The lawmaker, whose congressional district covers SONGS, cited a list of safety issues dating back more than a decade that he said demand increased scrutiny by the nuclear industry regulator. The most recent was the August 2018 mishap that has halted the spent-fuel transfer for nearly a year.
“I would like to be able to tell my constituents that they should be comforted to know that the NRC is genuinely committed to protecting their safety,” Levin, a first-term congressman who has focused on safety at the Southern California Edison (SCE) facility in San Diego County, wrote in a June 21 letter to NRC Chairman Kristine Svinicki. “However, a review of your recent record fails to provide that comfort.”
Levin wrote that he and Svinicki were scheduled to meet in the next few weeks to discuss the issue. The NRC on Monday said it would respond to his letter “through its normal congressional correspondence process.”
On June 17, Svinicki responded to April correspondence from Levin and other members of California’s congressional delegation regarding safety issues at SONGS. In her letter to the lawmakers, the NRC chair said the agency had determined after “careful consideration” that it did not need a full-time resident inspector at the site to protect public health and safety.
“This is because power reactor decommissioning activities present fewer radiological and/or nuclear safety hazards than similar activities at an operating power reactor site,” Svinicki wrote. “Spent fuel handling and storage-related activities represent a higher risk that warrants more frequent NRC inspection, though such activities are usually limited in duration.”
The NRC will continue to deploy visiting inspectors with varying areas of expertise to SONGS “as appropriate to observe various ongoing licensee work activities,” according to Svinicki.
Southern California Edison closed SONGS in 2013 after faulty steam generators were installed in its two remaining operational reactors, Units 2 and 3. Unit 1 has been largely decommissioned following its 1992 closure.
The utility, SONGS’ majority owner, in 2014 selected Holtec International to transfer the reactors’ spent fuel from wet to dry storage. Last August, one canister of fuel assemblies was left at risk of a nearly 20-foot uncontrolled drop for close to an hour after becoming lodged on the shield ring for its storage slot.
Following an investigation, the NRC in March fined Southern California Edison $116,000 for violations of federal nuclear safety regulations. The company paid the penalty almost immediately. The agency in May authorized the fuel offload to resume.
Forty-four of 73 storage canisters of fuel assemblies remain to be transferred to the storage pad; SCE expects work will resume within a matter of weeks and will wrap up next year.
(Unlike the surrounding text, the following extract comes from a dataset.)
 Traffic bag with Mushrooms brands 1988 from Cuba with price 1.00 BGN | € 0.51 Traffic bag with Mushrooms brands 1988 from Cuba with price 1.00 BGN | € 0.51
“Once the licensee resumes fuel transfer operations, we will initiate unannounced inspections that will be performed frequently to observe the licensee’s implementation of its enhanced programs,” an NRC spokesman said by email Monday. “We anticipate performing inspections several times (for a few days) during a calendar quarter, and then we will produce formal reports to let the public know how the activities are proceeding.”
In his letter, Levin criticized the agency for instituting a $116,000 penalty on a company with $56 billion in assets and choosing not to post a full-time inspector at SONGS “while being aware of the dubious record at the site and knowing how such an action would help rebuilt the public trust.”
He asked Svinicki to reconsider posting an inspector on an ongoing basis while the fuel offload continues. Specifically, Levin asked whether the NRC has the statutory authority and funding to keep an inspector at SONGS on that schedule. If not, he wrote, what authority is needed and what would that cost?
Within weeks of taking office on January, Levin established a task force to examine safety at the site, headed by retired Navy Rear Adm. Len Hering and former NRC Chairman Gregory Jaczko. In May, Levin introduced legislation that would prioritize removal of spent fuel from nuclear power plants that are decommissioned or are undergoing decommissioning, and are in high-population areas that are at significant risk of earthquakes. All of those would apply to SONGS.
Southern California Edison is waiting on a state coastal development permit to begin the core work of its anticipated $4.4 billion decommissioning of the two reactors. The California Coastal Commission had been scheduled to consider the utility’s permit application this month, but delayed that to September or October to collect more information.
With regulatory approval, decommissioning general contractor SONGS Decommissioning Solutions would begin work in 2019 and aim to complete the project by 2028.